Dans le cas des pitons encastrés au milieu des pétroglyphes du Sunshine Wall, le tollé suscité par l'affaire a fait sortir de l'ombre l'alpiniste coupable: un ancien militaire de Colorado Springs a ainsi reconnu être à l'origine du circuit balisé. Avouant à regret son erreur, l'homme, qui risque une amende de 20.000 dollars et jusqu'à un an de prison, a affirmé qu'il souhaitait baliser un parcours pour les enfants et les invalides, et qu'il avait confondu les glyphes anciens avec des graffitis contemporains. Alpiniste depuis quinze ans, il a déclaré au Colorado Springs Gazette s'être séparé de son équipement et attendre désormais son jugement par les autorités fédérales. Ça n'aurait pas dû arriver. Je n'ai juste pas été bien éduqué sur cette question, et j'en prends l'entière responsabilité», a-t-il ajouté au magazine spécialisé Outside.

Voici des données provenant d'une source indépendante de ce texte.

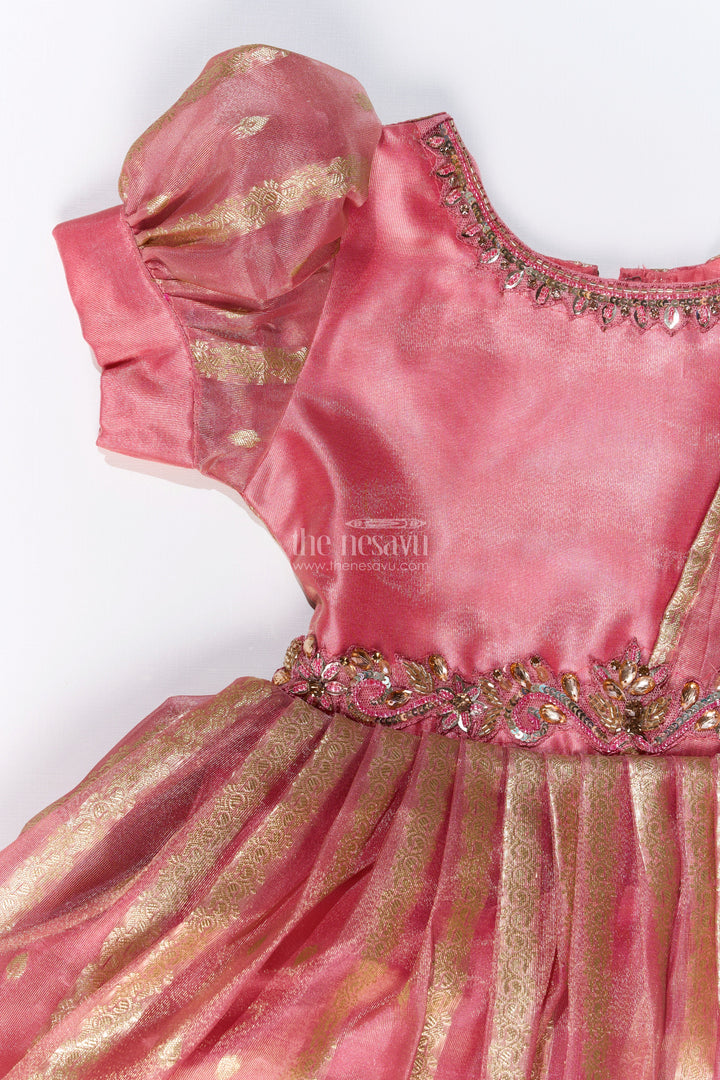 The Nesavu Girls Silk Gown Girls Festive Wear Anarkali with Rich Organza Jacquard and Traditional Gold Zari Borders Nesavu Nesavu Girls Festive Wear Anarkali Organza Jacquard Gold Zari Borders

La culture Fremont - ainsi appelée en référence à l'explorateur John Charles Frémont (1813-1890) - était une population précolombienne qui a habité pendant près de 1500 ans des terres qui correspondent peu ou prou à l'aire de l'Utah. Parmi les vestiges les plus reconnaissables qui nous sont parvenus, de nombreux pétroglyphes géométriques à figures zoomorphiques et anthropomorphiques ornent le paysage de grès orangé du relief rocheux des Arches. Difficiles à interpréter, ces glyphes pourraient représenter des éléments mythiques ou sacrés de la culture Fremont, et sont par conséquent traités avec déférence par les Amérindiens contemporains. La région étant très populaire auprès des réalisateurs hollywoodiens comme au sein des grimpeurs américains - ainsi qu'en témoignait à double titre l'ouverture acrobatique de Mission: Impossible II - les visiteurs savent généralement que ce patrimoine ancien est disséminé dans les parcs naturels de l'Utah.
Poser des pitons et escalader le long de ces sites d'art rupestre est tout simplement inacceptable, s'est ému sur Facebook l'écrivain et photographe Stewart Green, un fin connaisseur du parc des Arches et proche du varappeur Darrin Reay qui l'avait contacté après la découverte des pitons. Il est important de se rappeler que c'est un privilège de grimper sur nos différents magnifiques sites d'escalade à travers les États-Unis, a-t-il ajouté. Le fait est que nous ne pouvons plus faire tout ce que nous voulons en tant que grimpeurs. L'appel de Stewart Green a été repris dans un communiqué commun de plusieurs organismes de grimpe, publié le 14 avril : Il est essentiel que les alpinistes comprennent l'importance des pétroglyphes, non seulement en tant que fenêtre sur le passé, mais aussi en tant qu'élément permanent et vital de la culture et de l'identité amérindienne, et qu'ils s'engagent à protéger ces sites sacrés. Le vandalisme archéologique est pris très au sérieux par l'État de l'Utah qui s'est engagé à fournir plus d'efforts en matière d'éducation à propos de ce patrimoine inestimable."